Task:
In duplicating the lines below, keep every word unchanged and drop the pictures.

Input data:
=====
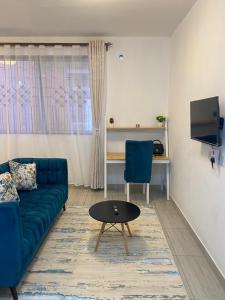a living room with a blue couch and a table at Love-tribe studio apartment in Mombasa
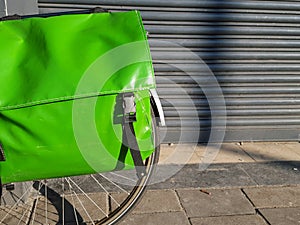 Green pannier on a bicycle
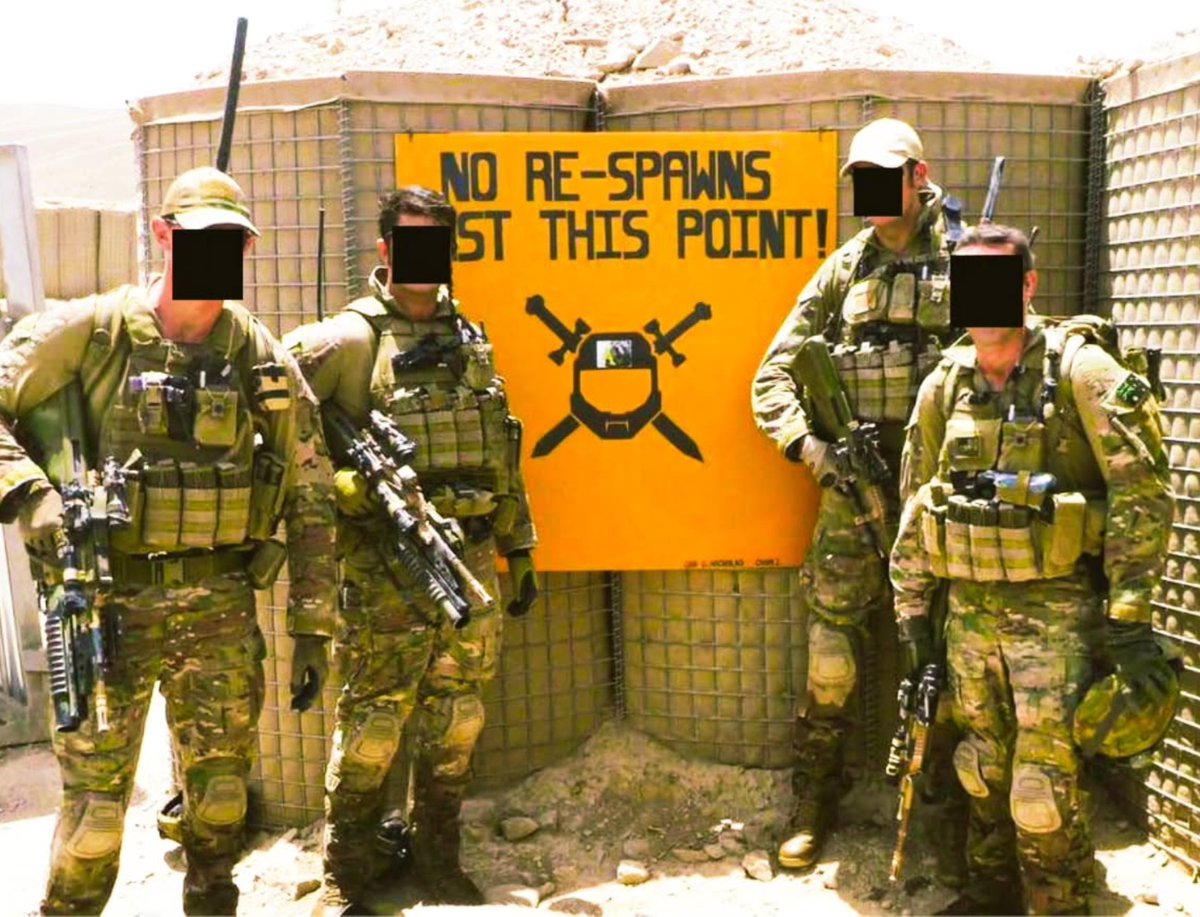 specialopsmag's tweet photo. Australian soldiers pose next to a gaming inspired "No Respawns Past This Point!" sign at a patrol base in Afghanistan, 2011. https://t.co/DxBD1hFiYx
=====
Result for this exercise:
a living room with a blue couch and a table at Love-tribe studio apartment in Mombasa
 Green pannier on a bicycle
 specialopsmag's tweet photo. Australian soldiers pose next to a gaming inspired "No Respawns Past This Point!" sign at a patrol base in Afghanistan, 2011. https://t.co/DxBD1hFiYx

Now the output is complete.